§ **Exercise**
At the line that holds "Áo Thun Tay", start repeating, and keep going exactly through the final line of the material; include both ends and skip the pictures.

§ **Recorded data**

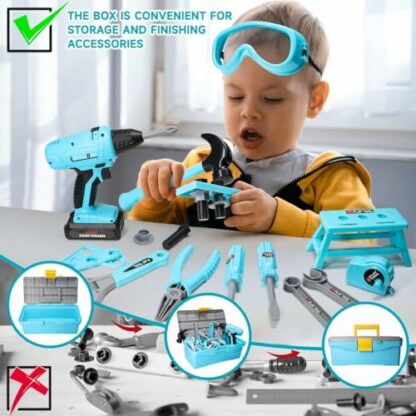 LOYO Kids Tool Set 50 Pcs Kids Construction Toys with Vest, Tool Box with Electric Drill Toy, Pretend Play Kids Toys for Boys & Girls Age 3 4 5 6 Years Old - Image 3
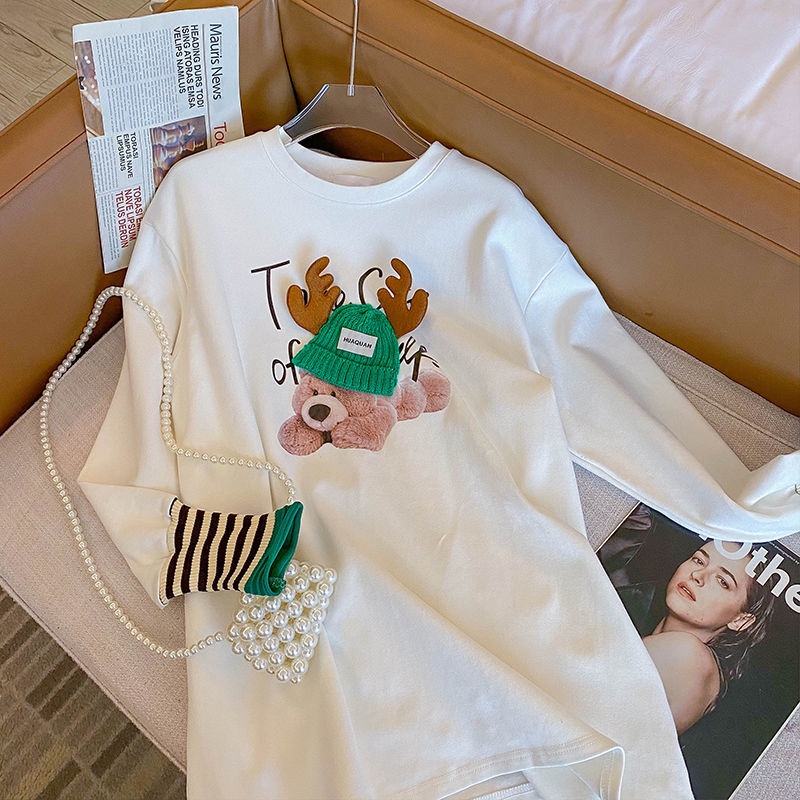 Áo Thun Tay Dài Cổ Tròn Dáng Rộng In Họa Tiết Hoạt Hình Dễ Thương Cho Nữ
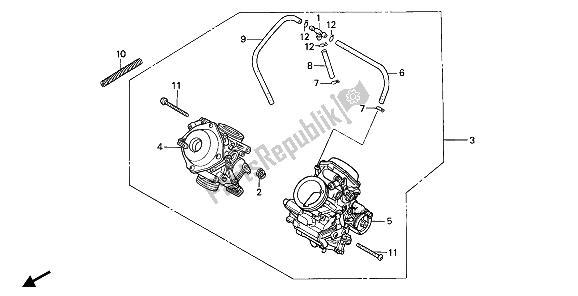 All parts for the Carburetor (assy.) of the Honda NTV 650 1993
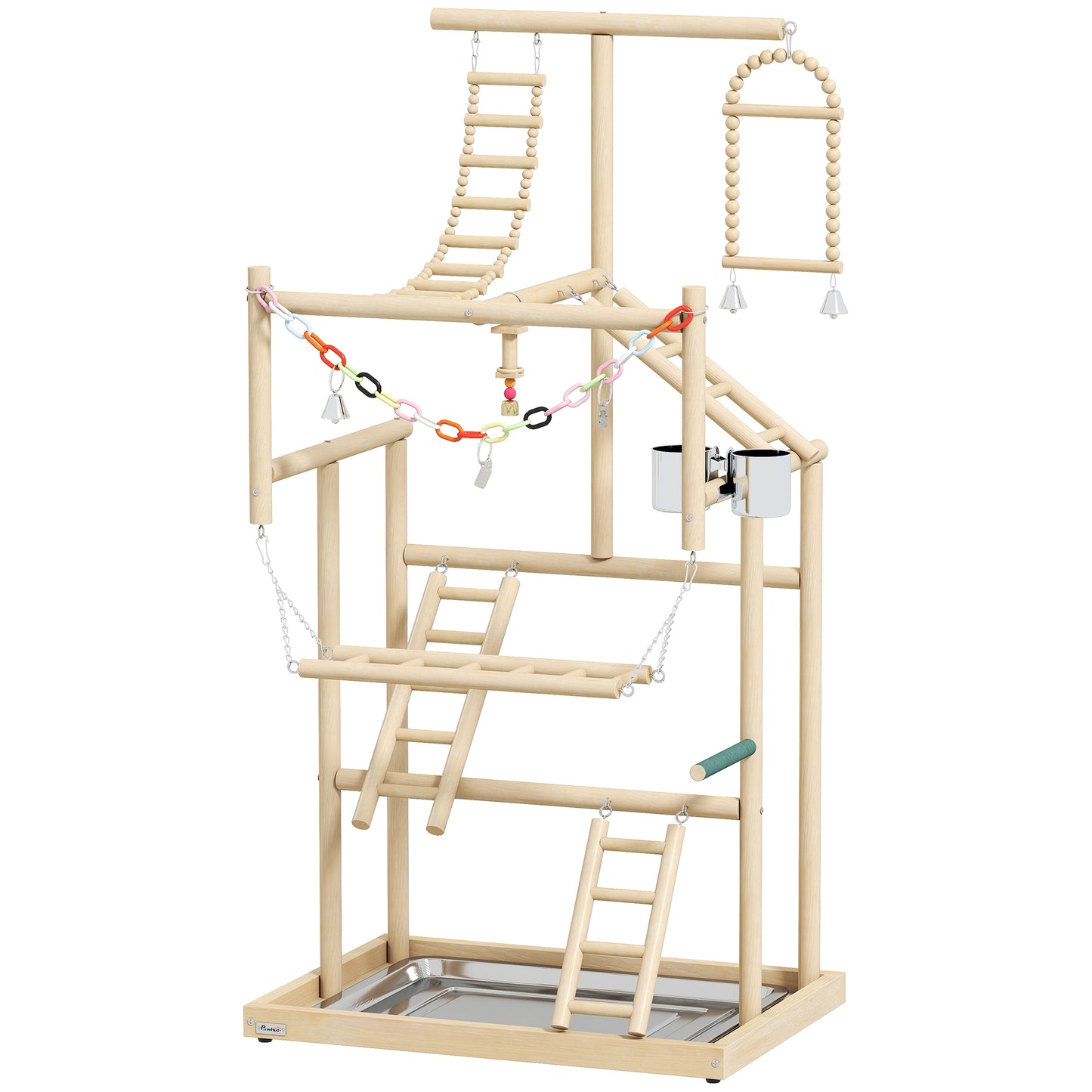Pawhut Parque De Juegos Para Pájaros Con Escaleras Columpio Cadena Bandeja_0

§ **Result**
 Áo Thun Tay Dài Cổ Tròn Dáng Rộng In Họa Tiết Hoạt Hình Dễ Thương Cho Nữ
 All parts for the Carburetor (assy.) of the Honda NTV 650 1993
Pawhut Parque De Juegos Para Pájaros Con Escaleras Columpio Cadena Bandeja_0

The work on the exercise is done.